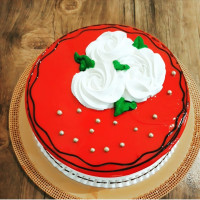 کیک تولد آجی پوران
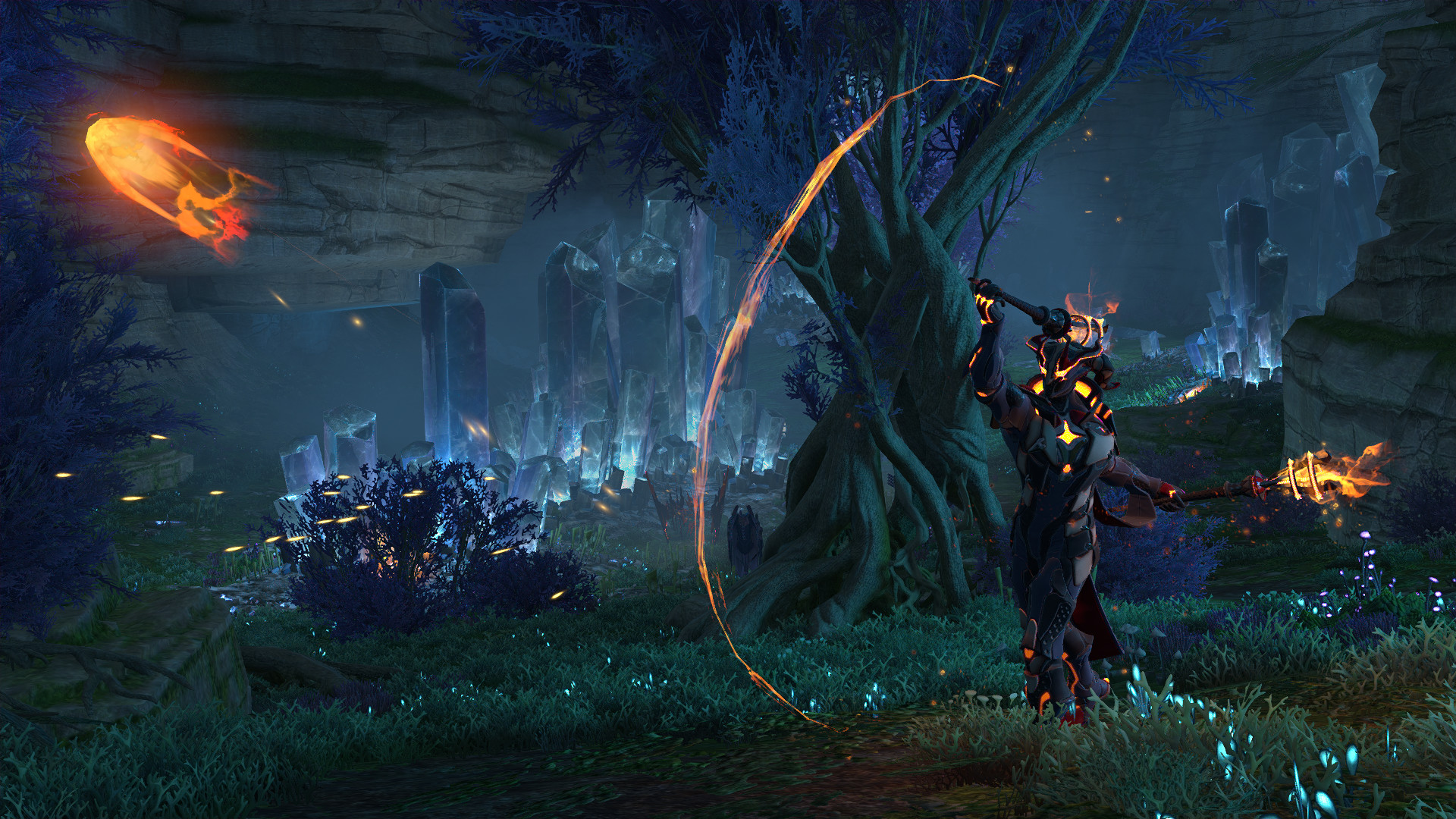 Skyforge - Firestarter Collector's Edition Featured Screenshot #1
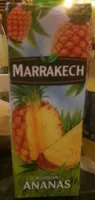 Boisson ananas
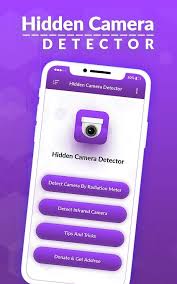 From hidden camera we mean a camera that is installed to spy on you without your permission. Hidden Camera Detector For Android Apk Download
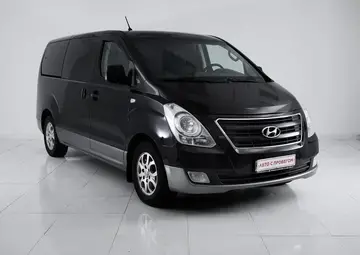 Hyundai H-1 Вид 3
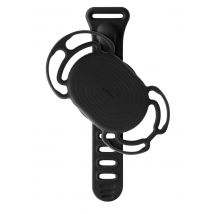 BoneCollection Bike Tie Connect Kit  Telefoonhouder fiets  Zwart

§

### TASK TO CARRY OUT
Go to the line that contains "From hidden camera" and copy exactly from there through the last line of the records above, both included. Omit pictures.

### THE ANSWER
 From hidden camera we mean a camera that is installed to spy on you without your permission. Hidden Camera Detector For Android Apk Download
 Hyundai H-1 Вид 3
 BoneCollection Bike Tie Connect Kit  Telefoonhouder fiets  Zwart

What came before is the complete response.